» **Work instruction**: Copy the records below exactly, leaving out any pictures.

» **Listed records**:
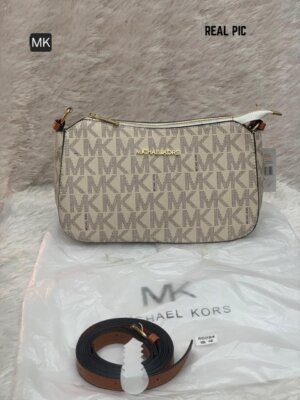 MICHAEL KORS 12A HIGH QUALITY BIG FONT SLING BAG 34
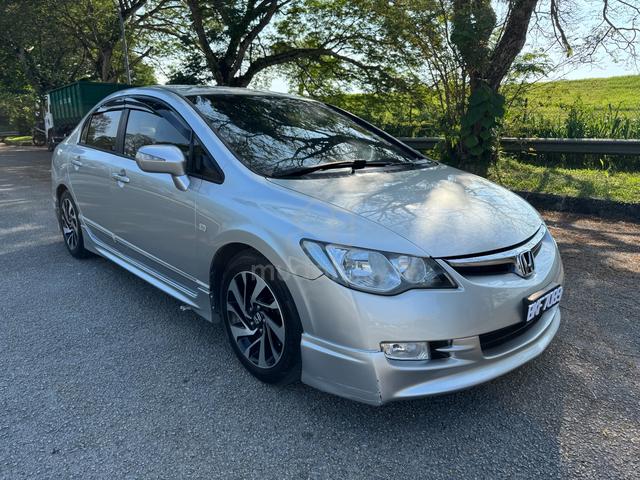Honda CIVIC 1.8 i-VTEC (A) 2010 Previos Lady Owner - 3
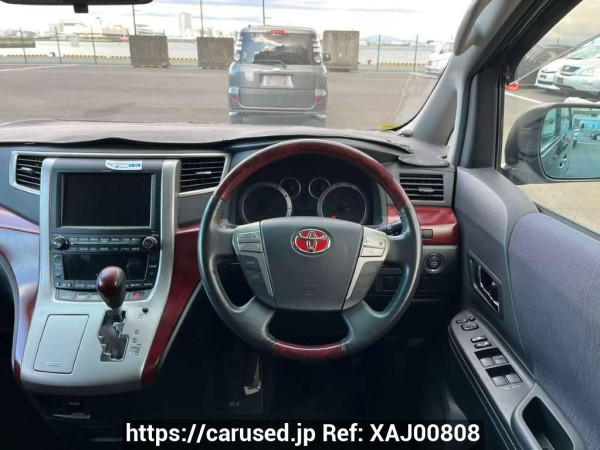 Used 2010 AT toyota vellfire ANH20W Image[20]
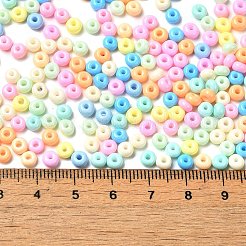 Baking Paint Glass Seed Beads&nbsp;X1-SEED-B001-02A-10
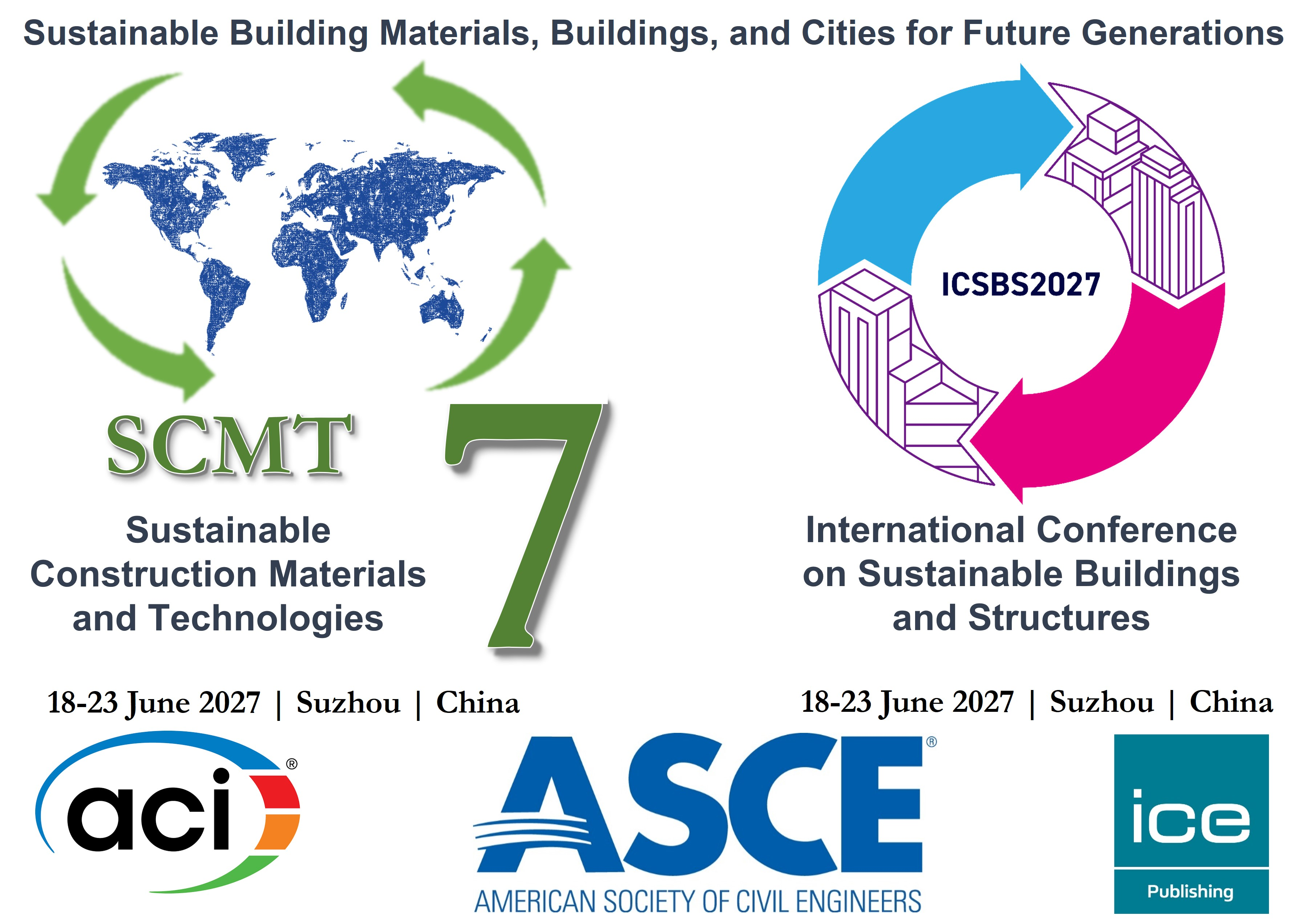 SCMT7 & ICSBS2027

» **Completed exercise**:
 MICHAEL KORS 12A HIGH QUALITY BIG FONT SLING BAG 34
Honda CIVIC 1.8 i-VTEC (A) 2010 Previos Lady Owner - 3
 Used 2010 AT toyota vellfire ANH20W Image[20]
 Baking Paint Glass Seed Beads&nbsp;X1-SEED-B001-02A-10
 SCMT7 & ICSBS2027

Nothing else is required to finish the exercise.